Amman, Tel-Aviv (envoyée spéciale)

Son arrivée, lundi 11
mai, en Israël, ouvre l’étape la plus politique du voyage de Benoît XVI
dans la région. Devant le président Shimon Pérès et le premier ministre Benyamin Nétanyahou, venus l’accueillir à l’aéroport de Tel-Aviv, le pape a déclaré qu’il venait “prier pour la paix”, estimant que les chrétiens pouvaient apporter “une contribution particulière à la fin des hostilités”.

Abordant d’emblée le conflit israélo-palestinien, Benoît XVI a défendu “la recherche d’une juste solution” incluant “un pays pour chacun (des deux peuples) dans des frontières sûres et internationalement reconnues”. Il a plaidé pour le “respect de la liberté et de la dignité de tout être humain”.

Avant sa visite au Mémorial de Yad Vashem, lundi après-midi, où il doit rendre hommage “à la mémoire des 6 millions de juifs victimes de la Shoah” et prier “pour que l’humanité ne soit plus jamais témoin d’un crime d’une telle ampleur”, Benoît XVI a redit combien “l’antisémitisme est inacceptable”.

Lors
de son pèlerinage sur les traces de Moïse au mont Nebo, en Jordanie,
samedi, le pape avait aussi laissé entrevoir l’un des thèmes de son
séjour en Israël : “La réconciliation des chrétiens et des juifs.”
Un vaste et sensible programme, tout aussi vaste que le chantier auquel
Benoît XVI s’est attelé durant son étape jordanienne : la promotion du
dialogue avec les musulmans.

Ce sujet a acquis au Vatican une
importance grandissante et imprévue après les tensions créées par le
discours du pape à Ratisbonne en septembre 2006, dans lequel il
semblait établir un lien entre islam et violence.

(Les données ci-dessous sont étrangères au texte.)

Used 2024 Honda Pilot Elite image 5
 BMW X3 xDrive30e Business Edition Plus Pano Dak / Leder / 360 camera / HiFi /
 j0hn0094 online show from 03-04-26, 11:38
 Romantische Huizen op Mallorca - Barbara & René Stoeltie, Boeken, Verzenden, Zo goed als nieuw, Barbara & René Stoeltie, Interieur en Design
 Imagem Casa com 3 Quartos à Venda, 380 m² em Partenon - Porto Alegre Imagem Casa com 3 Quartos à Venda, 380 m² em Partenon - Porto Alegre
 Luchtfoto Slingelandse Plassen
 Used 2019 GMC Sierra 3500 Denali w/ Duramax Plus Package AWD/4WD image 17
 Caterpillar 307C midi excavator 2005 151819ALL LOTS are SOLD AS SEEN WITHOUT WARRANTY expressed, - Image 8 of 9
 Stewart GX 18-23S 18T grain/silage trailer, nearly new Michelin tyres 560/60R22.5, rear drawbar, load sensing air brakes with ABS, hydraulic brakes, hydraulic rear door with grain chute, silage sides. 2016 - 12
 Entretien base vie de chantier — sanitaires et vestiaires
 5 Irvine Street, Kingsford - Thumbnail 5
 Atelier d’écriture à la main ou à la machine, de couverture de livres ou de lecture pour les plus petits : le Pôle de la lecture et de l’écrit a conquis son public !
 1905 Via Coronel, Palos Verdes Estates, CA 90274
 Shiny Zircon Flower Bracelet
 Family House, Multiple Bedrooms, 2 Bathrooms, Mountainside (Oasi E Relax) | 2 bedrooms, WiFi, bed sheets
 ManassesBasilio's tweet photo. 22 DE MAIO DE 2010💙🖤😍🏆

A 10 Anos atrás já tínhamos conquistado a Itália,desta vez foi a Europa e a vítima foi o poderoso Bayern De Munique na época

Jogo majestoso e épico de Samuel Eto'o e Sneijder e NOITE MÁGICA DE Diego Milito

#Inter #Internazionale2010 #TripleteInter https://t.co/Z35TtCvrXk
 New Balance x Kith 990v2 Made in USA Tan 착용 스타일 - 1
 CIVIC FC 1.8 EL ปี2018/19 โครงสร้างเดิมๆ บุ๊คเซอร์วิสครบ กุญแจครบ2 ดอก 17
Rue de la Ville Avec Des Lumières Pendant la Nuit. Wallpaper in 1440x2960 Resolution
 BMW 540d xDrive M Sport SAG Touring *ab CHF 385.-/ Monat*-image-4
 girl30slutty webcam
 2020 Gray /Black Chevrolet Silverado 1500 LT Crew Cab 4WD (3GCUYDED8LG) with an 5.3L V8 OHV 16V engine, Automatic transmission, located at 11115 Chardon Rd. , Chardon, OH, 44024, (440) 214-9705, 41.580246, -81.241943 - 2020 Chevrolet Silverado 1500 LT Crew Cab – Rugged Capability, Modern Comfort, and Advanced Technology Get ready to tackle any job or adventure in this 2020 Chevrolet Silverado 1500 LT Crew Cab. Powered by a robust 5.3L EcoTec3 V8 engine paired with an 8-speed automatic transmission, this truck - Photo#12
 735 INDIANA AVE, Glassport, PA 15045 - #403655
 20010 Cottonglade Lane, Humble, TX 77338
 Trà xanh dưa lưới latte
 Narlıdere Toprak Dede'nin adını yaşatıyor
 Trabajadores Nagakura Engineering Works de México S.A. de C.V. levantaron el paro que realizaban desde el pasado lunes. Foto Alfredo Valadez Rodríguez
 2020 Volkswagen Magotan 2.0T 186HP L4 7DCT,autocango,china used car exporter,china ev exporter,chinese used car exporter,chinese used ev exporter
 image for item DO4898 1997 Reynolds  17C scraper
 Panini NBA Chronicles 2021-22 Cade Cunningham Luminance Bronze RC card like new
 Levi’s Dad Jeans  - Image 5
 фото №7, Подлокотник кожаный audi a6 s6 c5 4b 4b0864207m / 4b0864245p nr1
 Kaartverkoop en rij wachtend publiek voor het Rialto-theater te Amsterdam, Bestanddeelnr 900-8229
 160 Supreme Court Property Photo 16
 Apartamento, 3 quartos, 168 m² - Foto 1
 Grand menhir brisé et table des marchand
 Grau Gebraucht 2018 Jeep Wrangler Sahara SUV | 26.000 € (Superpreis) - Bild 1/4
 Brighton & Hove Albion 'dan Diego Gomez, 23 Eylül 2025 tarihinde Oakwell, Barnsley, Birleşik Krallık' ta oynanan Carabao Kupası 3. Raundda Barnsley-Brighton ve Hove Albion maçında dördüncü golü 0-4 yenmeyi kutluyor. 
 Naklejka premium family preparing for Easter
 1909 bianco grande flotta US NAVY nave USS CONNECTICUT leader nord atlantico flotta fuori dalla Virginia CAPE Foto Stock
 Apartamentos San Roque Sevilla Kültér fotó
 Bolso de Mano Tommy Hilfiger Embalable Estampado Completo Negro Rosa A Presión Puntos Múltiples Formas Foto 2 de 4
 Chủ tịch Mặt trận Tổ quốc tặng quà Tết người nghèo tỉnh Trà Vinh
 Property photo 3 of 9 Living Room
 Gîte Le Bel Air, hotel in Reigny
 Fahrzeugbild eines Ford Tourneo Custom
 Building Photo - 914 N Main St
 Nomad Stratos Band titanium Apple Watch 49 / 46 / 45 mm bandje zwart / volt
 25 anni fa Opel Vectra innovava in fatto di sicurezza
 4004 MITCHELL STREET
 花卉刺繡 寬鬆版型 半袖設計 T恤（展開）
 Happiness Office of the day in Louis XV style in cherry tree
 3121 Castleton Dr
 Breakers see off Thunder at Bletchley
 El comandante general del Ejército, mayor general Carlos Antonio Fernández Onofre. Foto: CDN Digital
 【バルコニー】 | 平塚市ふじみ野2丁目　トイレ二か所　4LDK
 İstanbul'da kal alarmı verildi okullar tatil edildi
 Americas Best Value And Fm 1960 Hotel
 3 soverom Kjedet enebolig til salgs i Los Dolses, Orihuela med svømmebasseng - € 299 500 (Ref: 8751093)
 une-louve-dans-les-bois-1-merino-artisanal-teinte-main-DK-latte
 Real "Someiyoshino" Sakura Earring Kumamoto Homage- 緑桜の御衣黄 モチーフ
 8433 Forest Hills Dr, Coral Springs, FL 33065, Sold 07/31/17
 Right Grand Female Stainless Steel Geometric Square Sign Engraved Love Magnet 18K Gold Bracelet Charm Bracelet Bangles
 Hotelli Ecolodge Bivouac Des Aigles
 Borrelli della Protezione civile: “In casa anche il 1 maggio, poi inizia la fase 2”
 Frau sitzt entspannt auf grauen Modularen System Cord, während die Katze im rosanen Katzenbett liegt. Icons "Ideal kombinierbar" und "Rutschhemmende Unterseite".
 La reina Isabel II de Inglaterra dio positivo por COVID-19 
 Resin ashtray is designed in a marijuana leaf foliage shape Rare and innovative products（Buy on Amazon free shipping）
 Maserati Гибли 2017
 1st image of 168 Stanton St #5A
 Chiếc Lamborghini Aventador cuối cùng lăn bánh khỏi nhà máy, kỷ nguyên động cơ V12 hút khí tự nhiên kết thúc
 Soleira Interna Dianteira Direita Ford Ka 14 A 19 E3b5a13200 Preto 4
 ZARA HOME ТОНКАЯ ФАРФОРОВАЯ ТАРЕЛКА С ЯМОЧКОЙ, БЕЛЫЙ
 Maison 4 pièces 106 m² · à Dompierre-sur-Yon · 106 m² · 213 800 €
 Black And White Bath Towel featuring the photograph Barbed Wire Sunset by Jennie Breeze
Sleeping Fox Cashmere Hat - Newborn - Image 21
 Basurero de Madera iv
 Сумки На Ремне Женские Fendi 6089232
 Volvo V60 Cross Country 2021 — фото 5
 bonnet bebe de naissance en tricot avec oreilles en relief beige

Accueilli à la grande
mosquée d’Amman par le prince Ghazi, conseiller du roi pour les
affaires religieuses, le pape a repris le thème de cette conférence
controversée, évoquant de nouveau les violences commises au nom de la
religion et rappelant “le bien” que l’humanité pouvait tirer, “en référence à la foi, du vaste potentiel de la raison humaine“.

Moins professoral et plus conciliant, il a infléchi son discours. “Ne
convient-il pas de reconnaître que c’est souvent la manipulation
idéologique de la religion, parfois à des fins politiques, qui est le
vrai catalyseur des tensions et des divisions et, parfois même, des
violences dans la société ?”
s’est-il demandé avant d’associer cette fois les musulmans aux chrétiens pour qu’ils soient “connus et reconnus comme des adorateurs de Dieu, fidèles à la prière”. Le porte-parole du Vatican a admis que, “ depuis Ratisbonne, le pape avait effectué un cheminement”.
Il n’est pas certain qu’il suffise à réconcilier la rue musulmane avec
le pape, même si, au nom des musulmans, le prince Ghazi l’a remercié
pour les “regrets” exprimés après Ratisbonne. Interlocuteur exigeant, le prince a tenu à souligner que “ceux
qui ne connaissent pas l’arabe ou le Coran, ou qui ne comprennent pas
le contexte culturel et historique de la vie du Prophète sont
responsables des tensions historiques et culturelles entre chrétiens et
musulmans”
.

“De toute façon, quoi qu’il dise, le pape restera incompris des musulmans”,
jugeait, dimanche, Alwar, un chrétien jordanien venu assister à la
messe, célébrée au stade d’Amman par Benoît XVI. Devant une assistance
deux fois moins fournie qu’annoncée (20 000 personnes, dont plusieurs
milliers de Libanais, de Syriens, d’Irakiens et de fidèles de la
diaspora), le pape a pourtant appelé les chrétiens d’Orient à “construire
de nouveaux ponts pour rendre possible la rencontre fructueuse des
personnes de religions et de cultures différentes”
. Il a loué le “courage” que requiert “la fidélité à (leurs) racines chrétiennes” et a tenu à les “encourager dans la foi”.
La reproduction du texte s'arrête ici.